## ENTRIES SHOWN:
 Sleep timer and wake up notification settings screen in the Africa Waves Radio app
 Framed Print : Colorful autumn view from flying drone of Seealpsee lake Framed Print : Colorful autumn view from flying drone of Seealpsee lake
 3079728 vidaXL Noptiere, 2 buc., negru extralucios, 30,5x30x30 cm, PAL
--
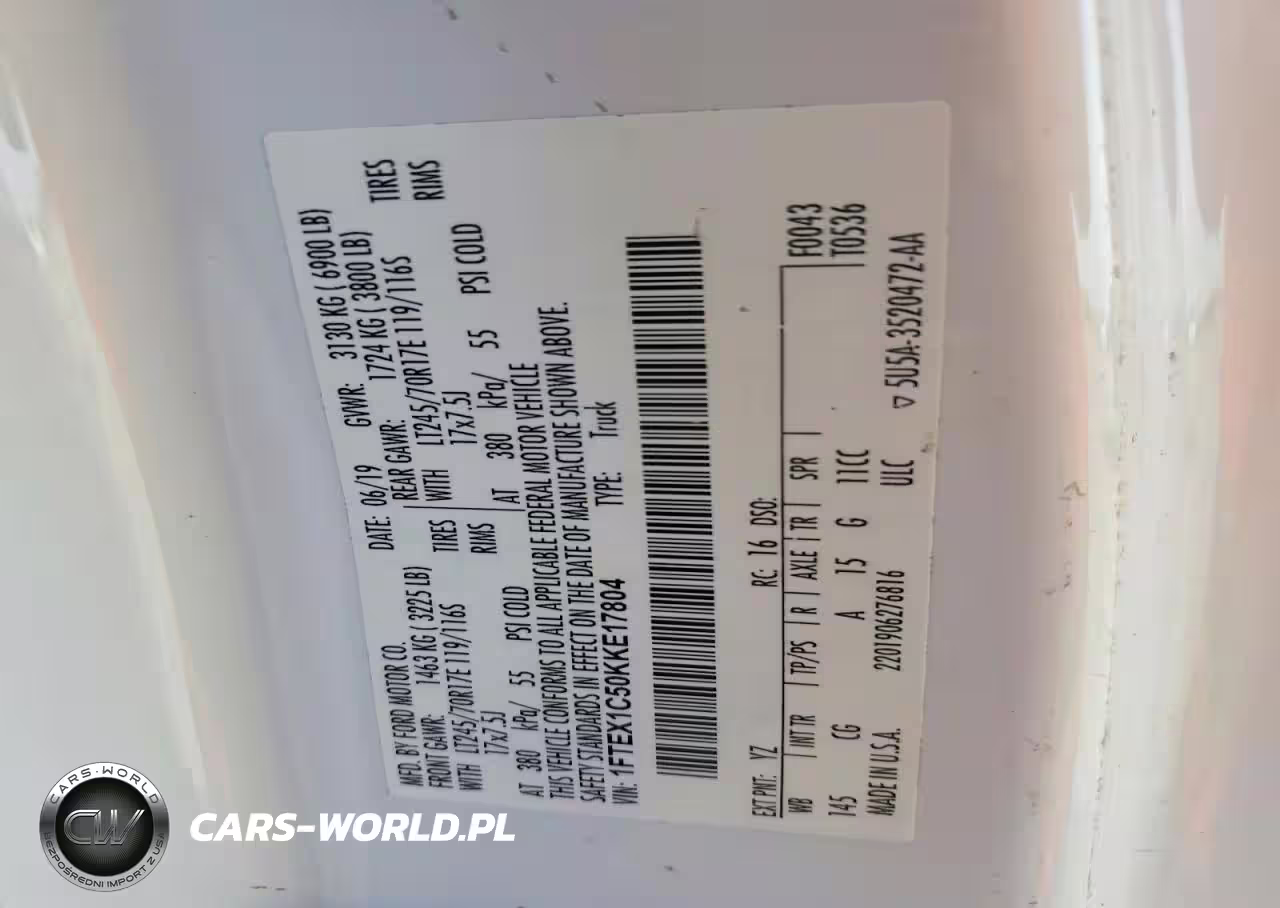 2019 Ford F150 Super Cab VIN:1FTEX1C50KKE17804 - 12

## ABOUT THIS TASK:
Output the lines of the records above exactly as they appear, from the line containing "Sleep timer and" through the line containing "3079728 vidaXL Noptiere, 2".

## RESULT:
 Sleep timer and wake up notification settings screen in the Africa Waves Radio app
 Framed Print : Colorful autumn view from flying drone of Seealpsee lake Framed Print : Colorful autumn view from flying drone of Seealpsee lake
 3079728 vidaXL Noptiere, 2 buc., negru extralucios, 30,5x30x30 cm, PAL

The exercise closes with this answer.